Your primary goal with these workouts is to perform the prescribed number of reps and sets with more weight each time you train. With the moves we’re suggesting here, this won’t be a problem over a four-week period because you’ll improve quickly as you learn how the exercises work. To really gauge how well you’re doing, try this template for four weeks, take a few weeks off to see if your bench-press strength improves, then go back, plug this regimen in again, and see what you can do once your learning curve flattens out a bit.
If you keep adding weight to these moves—even small, gradual increments will do—your triceps will get bigger all around. For bench-press strength, each head of your triceps needs to get bigger and stronger, but if you simply train for strength the way we’re advocating here—as opposed to worrying about isolating everything with cables—you’ll gain startling amounts of mass in an aesthetically pleasing way.
The strength-endurance work you’ll be doing—in the form of backward and forward bear crawls—will pay dividends as well. After four solid weeks of our brutal bear crawl circuit, you should notice an ability to bang out more reps with heavier weight.

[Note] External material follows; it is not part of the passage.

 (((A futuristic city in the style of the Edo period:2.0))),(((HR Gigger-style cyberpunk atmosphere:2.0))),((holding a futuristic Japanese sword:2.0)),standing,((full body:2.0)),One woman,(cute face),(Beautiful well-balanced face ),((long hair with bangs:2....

For the next four weeks, try this program on your chest day and arms day. Since the two workouts listed here both lead off with a form of weighted dips, you’ll have to take a long, hard look at your chest and shoulder training volume, as dips place a great deal of strain on both of these muscle groups, especially the shoulders. You may have to compromise here. For example, if your chest day includes two or more variations of bench presses, take one of these moves out of your workouts for these four weeks to concentrate on your triceps without risking overuse injuries.
This routine is structured to give you the best of two worlds—strength and endurance. For the two kinds of dips and your dumbbell exercises, the idea is to move a load in a controlled fashion, with proper technique, as quickly as possible. This entails lowering the weight—or your body—smoothly, then exploding back to the top of the movement with everything you have. Learn to train this way and you’ll make much quicker progress overall.
As a finisher on your second day of this workout, we’re throwing in a bear crawl circuit you can perform on your gym floor, in an aerobics room, or outside. Backward bear crawls are triceps killers, and by the time you’re finished combining these with pushups, your arms will be absolutely smoked, and you’ll be thankful for a few days off before it’s time to do it again.